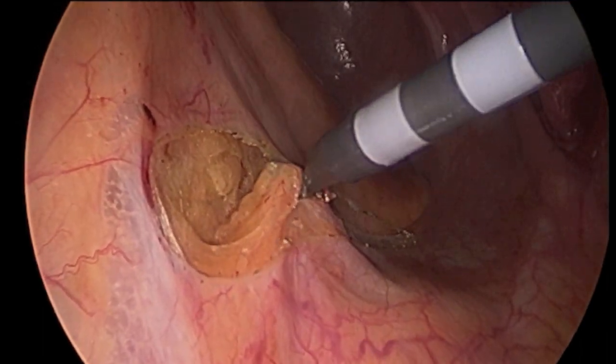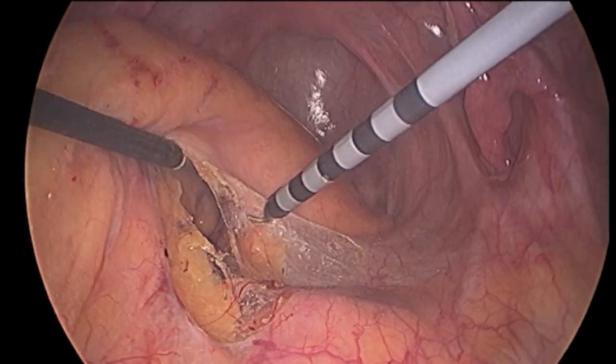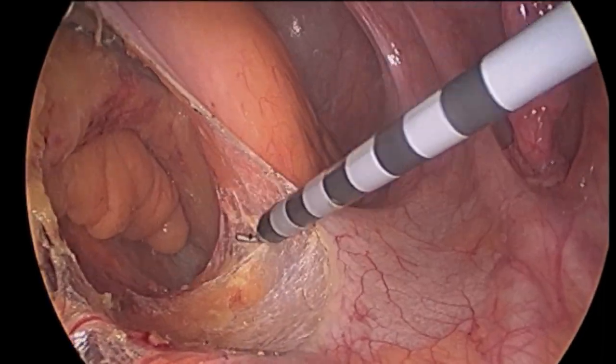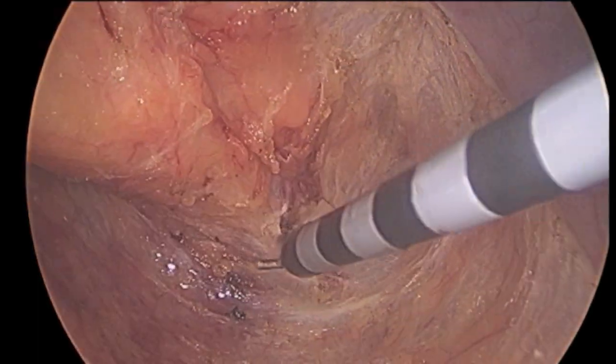The nerve, having been identified and preserved, allows the mobilization of the rectum to proceed safely. The initial dissection is done with an electrosurgical device, as the risk of bleeding is low and there are few blood vessels in this tissue plane.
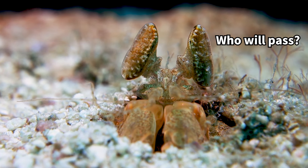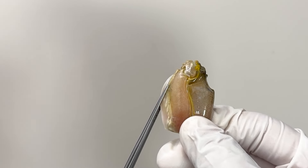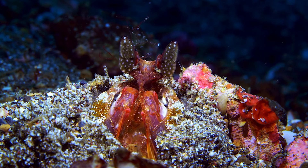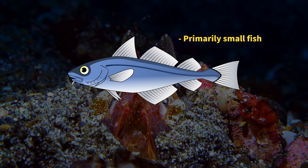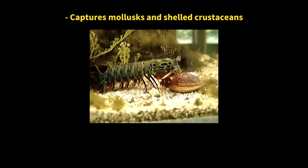Mantis shrimp dig burrows in the seabed, hiding and ambushing passing prey with their raptorial legs. Their hunting style varies with the type of raptorial legs they have. For instance, the spear-shaped legs of the Japanese mantis shrimp primarily target soft prey, while the ball or club-shaped legs are used to break open hard-shelled prey like shellfish.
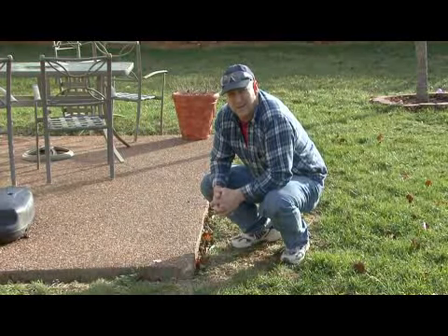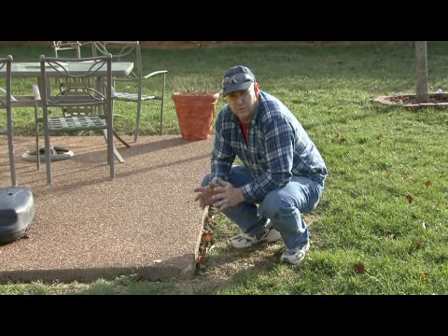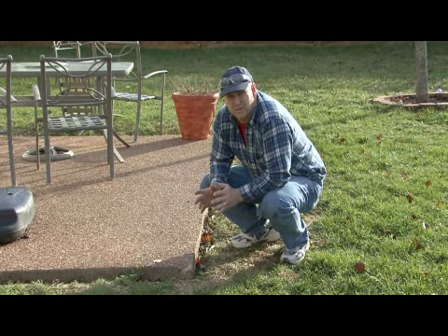Hi, I'm Tim Gipson. I'm going to talk to you about how thick to make a concrete slab. When you're looking at pouring concrete and how thick to make it, you really have to look at your application and how much force is going to be on that.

**What to produce**
With the pictures omitted, copy exactly the lines from the line that contains "Mantis shrimp dig" through the end of the material.

**Result of the exercise**
Mantis shrimp dig burrows in the seabed, hiding and ambushing passing prey with their raptorial legs. Their hunting style varies with the type of raptorial legs they have. For instance, the spear-shaped legs of the Japanese mantis shrimp primarily target soft prey, while the ball or club-shaped legs are used to break open hard-shelled prey like shellfish.
Hi, I'm Tim Gipson. I'm going to talk to you about how thick to make a concrete slab. When you're looking at pouring concrete and how thick to make it, you really have to look at your application and how much force is going to be on that.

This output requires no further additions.